What to produce
What is needed here is an exact repetition of the records below, beginning at the line that has "Distinguen a rector de la UNAH" and stopping after the line that has "Flat For Lease".

-.-.-

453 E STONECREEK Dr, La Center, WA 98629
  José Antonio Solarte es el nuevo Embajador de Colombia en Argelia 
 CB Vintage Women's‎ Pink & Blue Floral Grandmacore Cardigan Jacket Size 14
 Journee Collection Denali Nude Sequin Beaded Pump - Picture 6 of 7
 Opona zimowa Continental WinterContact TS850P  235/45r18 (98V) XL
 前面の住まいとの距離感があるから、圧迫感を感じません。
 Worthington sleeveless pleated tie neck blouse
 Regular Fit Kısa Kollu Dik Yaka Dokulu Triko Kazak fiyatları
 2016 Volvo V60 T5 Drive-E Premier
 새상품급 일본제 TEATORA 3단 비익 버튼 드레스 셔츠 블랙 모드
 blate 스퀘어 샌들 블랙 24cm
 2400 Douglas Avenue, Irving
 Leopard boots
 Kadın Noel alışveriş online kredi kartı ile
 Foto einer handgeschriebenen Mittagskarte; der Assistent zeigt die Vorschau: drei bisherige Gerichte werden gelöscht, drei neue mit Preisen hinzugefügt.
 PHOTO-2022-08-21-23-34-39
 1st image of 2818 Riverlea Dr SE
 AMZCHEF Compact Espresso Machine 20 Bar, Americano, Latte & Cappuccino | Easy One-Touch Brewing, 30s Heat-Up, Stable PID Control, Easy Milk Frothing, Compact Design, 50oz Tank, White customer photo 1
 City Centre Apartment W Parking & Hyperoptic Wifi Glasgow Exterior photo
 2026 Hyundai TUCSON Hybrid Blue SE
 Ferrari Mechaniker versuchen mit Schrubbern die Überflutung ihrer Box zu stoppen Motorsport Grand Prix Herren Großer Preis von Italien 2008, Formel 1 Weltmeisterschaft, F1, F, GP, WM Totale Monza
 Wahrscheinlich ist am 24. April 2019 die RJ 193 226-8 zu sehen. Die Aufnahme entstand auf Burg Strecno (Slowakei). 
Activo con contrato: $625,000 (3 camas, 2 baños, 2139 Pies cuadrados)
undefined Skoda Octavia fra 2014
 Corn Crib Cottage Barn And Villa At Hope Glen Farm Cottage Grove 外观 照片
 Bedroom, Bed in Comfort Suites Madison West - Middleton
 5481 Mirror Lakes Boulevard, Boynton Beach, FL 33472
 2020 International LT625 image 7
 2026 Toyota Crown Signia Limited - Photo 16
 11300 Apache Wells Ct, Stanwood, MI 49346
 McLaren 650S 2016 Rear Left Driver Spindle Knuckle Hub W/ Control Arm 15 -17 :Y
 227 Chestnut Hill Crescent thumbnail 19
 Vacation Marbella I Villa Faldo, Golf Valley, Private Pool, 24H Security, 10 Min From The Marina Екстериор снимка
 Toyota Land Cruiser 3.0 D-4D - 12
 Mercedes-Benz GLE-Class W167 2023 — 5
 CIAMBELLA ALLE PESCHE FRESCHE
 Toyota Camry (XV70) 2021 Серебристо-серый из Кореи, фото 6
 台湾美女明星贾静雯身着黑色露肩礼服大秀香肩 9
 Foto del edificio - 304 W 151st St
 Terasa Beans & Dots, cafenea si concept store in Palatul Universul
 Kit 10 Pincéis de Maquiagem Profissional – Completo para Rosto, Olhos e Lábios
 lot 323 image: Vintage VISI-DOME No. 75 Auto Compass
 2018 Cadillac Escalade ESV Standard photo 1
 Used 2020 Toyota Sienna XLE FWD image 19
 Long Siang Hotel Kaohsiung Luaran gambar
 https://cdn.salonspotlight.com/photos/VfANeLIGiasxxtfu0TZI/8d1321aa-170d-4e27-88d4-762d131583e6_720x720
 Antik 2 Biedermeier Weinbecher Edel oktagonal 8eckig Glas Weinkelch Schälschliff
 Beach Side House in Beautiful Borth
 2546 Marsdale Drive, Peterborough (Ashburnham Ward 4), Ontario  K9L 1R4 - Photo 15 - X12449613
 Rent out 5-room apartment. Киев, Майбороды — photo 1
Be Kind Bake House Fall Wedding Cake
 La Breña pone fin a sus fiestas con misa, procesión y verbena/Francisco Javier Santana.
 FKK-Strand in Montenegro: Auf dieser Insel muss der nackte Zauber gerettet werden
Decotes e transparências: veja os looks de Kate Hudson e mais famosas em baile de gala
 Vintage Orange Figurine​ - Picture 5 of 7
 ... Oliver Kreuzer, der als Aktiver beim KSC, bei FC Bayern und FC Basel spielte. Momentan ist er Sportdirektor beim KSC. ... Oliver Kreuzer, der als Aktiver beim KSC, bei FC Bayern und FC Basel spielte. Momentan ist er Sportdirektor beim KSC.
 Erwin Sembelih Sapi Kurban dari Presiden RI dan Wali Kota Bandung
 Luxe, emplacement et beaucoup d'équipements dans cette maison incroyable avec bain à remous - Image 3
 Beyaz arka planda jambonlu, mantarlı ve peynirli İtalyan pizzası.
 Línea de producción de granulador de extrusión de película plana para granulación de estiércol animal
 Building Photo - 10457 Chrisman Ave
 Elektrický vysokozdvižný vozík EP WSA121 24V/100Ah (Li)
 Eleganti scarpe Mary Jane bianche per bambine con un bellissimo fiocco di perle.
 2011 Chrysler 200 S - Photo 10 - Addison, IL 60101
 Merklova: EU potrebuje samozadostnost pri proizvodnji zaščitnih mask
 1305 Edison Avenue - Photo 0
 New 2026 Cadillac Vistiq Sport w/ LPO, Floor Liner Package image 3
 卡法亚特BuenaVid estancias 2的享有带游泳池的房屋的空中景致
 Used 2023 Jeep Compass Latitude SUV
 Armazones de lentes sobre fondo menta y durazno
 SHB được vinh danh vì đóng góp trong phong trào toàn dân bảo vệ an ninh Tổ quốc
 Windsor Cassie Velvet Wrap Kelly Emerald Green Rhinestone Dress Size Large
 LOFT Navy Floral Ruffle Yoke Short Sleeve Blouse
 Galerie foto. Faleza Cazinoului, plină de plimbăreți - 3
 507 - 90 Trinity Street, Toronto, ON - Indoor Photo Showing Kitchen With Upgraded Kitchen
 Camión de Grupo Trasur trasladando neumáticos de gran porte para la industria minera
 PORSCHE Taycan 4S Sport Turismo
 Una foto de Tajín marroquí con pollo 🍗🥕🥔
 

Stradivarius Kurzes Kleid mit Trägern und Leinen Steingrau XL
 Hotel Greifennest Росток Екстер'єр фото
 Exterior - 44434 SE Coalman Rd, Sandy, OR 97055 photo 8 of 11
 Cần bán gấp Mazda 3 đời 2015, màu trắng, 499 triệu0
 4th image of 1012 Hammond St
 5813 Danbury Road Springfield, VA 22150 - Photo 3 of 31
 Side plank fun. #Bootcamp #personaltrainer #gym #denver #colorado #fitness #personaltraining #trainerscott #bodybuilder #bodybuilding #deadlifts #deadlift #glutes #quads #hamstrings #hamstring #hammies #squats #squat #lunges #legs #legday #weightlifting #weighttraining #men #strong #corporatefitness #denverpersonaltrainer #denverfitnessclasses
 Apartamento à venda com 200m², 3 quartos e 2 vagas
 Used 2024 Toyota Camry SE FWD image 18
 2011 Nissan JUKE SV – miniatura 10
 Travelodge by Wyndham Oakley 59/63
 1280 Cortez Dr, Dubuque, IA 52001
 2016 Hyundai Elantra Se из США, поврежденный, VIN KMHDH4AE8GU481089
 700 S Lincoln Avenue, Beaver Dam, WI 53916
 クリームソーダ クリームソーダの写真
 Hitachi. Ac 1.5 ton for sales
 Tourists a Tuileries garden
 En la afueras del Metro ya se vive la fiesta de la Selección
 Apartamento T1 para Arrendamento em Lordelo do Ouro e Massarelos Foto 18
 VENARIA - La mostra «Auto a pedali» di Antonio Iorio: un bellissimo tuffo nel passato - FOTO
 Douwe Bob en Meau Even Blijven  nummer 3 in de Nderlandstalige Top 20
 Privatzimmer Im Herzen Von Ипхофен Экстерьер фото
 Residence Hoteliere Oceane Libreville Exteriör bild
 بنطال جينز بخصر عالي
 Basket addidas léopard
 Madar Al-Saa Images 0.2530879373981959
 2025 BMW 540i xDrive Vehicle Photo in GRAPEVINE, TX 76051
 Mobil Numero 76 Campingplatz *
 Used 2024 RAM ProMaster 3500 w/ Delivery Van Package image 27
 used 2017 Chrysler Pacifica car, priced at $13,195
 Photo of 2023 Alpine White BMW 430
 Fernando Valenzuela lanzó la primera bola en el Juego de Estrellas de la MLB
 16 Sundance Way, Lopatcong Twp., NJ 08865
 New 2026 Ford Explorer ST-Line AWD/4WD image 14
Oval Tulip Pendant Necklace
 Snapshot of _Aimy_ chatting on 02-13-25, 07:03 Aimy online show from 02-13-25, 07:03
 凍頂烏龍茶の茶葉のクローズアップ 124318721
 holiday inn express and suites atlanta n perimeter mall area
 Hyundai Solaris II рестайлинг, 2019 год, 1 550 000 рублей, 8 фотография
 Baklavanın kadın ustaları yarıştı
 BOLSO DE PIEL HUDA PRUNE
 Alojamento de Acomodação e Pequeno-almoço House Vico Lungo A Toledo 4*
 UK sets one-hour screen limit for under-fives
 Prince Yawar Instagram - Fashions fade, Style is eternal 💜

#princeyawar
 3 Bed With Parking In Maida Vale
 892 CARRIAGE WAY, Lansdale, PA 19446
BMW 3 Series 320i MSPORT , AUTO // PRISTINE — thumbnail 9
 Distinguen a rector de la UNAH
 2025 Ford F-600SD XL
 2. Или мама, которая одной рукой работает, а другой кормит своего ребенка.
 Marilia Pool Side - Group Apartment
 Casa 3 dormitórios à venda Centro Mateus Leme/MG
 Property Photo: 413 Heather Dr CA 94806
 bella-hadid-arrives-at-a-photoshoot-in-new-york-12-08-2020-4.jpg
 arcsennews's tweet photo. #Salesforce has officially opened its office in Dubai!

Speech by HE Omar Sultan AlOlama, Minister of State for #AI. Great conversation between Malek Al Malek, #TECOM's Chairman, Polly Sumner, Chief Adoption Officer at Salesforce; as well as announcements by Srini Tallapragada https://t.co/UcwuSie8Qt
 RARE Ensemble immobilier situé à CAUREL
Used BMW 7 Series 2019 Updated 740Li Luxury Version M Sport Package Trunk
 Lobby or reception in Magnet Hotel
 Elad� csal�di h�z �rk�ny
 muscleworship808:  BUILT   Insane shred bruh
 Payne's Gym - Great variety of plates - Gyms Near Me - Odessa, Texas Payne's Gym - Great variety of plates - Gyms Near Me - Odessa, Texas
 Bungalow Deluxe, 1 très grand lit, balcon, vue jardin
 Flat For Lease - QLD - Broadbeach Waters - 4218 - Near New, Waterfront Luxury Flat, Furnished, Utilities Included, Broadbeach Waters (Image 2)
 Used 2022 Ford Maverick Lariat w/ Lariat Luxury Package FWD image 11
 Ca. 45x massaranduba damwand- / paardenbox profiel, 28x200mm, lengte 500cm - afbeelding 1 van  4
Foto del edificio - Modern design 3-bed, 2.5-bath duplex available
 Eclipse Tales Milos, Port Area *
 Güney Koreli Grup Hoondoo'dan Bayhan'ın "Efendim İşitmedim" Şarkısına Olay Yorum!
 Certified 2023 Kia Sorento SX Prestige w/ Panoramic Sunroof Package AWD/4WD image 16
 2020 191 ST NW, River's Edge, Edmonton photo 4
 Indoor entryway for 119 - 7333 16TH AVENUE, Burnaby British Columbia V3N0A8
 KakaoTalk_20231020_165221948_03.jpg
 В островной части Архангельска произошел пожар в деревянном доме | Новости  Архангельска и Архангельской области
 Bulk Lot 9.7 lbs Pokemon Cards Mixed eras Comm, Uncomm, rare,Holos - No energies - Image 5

-.-.-

Response
 Distinguen a rector de la UNAH
 2025 Ford F-600SD XL
 2. Или мама, которая одной рукой работает, а другой кормит своего ребенка.
 Marilia Pool Side - Group Apartment
 Casa 3 dormitórios à venda Centro Mateus Leme/MG
 Property Photo: 413 Heather Dr CA 94806
 bella-hadid-arrives-at-a-photoshoot-in-new-york-12-08-2020-4.jpg
 arcsennews's tweet photo. #Salesforce has officially opened its office in Dubai!

Speech by HE Omar Sultan AlOlama, Minister of State for #AI. Great conversation between Malek Al Malek, #TECOM's Chairman, Polly Sumner, Chief Adoption Officer at Salesforce; as well as announcements by Srini Tallapragada https://t.co/UcwuSie8Qt
 RARE Ensemble immobilier situé à CAUREL
Used BMW 7 Series 2019 Updated 740Li Luxury Version M Sport Package Trunk
 Lobby or reception in Magnet Hotel
 Elad� csal�di h�z �rk�ny
 muscleworship808:  BUILT   Insane shred bruh
 Payne's Gym - Great variety of plates - Gyms Near Me - Odessa, Texas Payne's Gym - Great variety of plates - Gyms Near Me - Odessa, Texas
 Bungalow Deluxe, 1 très grand lit, balcon, vue jardin
 Flat For Lease - QLD - Broadbeach Waters - 4218 - Near New, Waterfront Luxury Flat, Furnished, Utilities Included, Broadbeach Waters (Image 2)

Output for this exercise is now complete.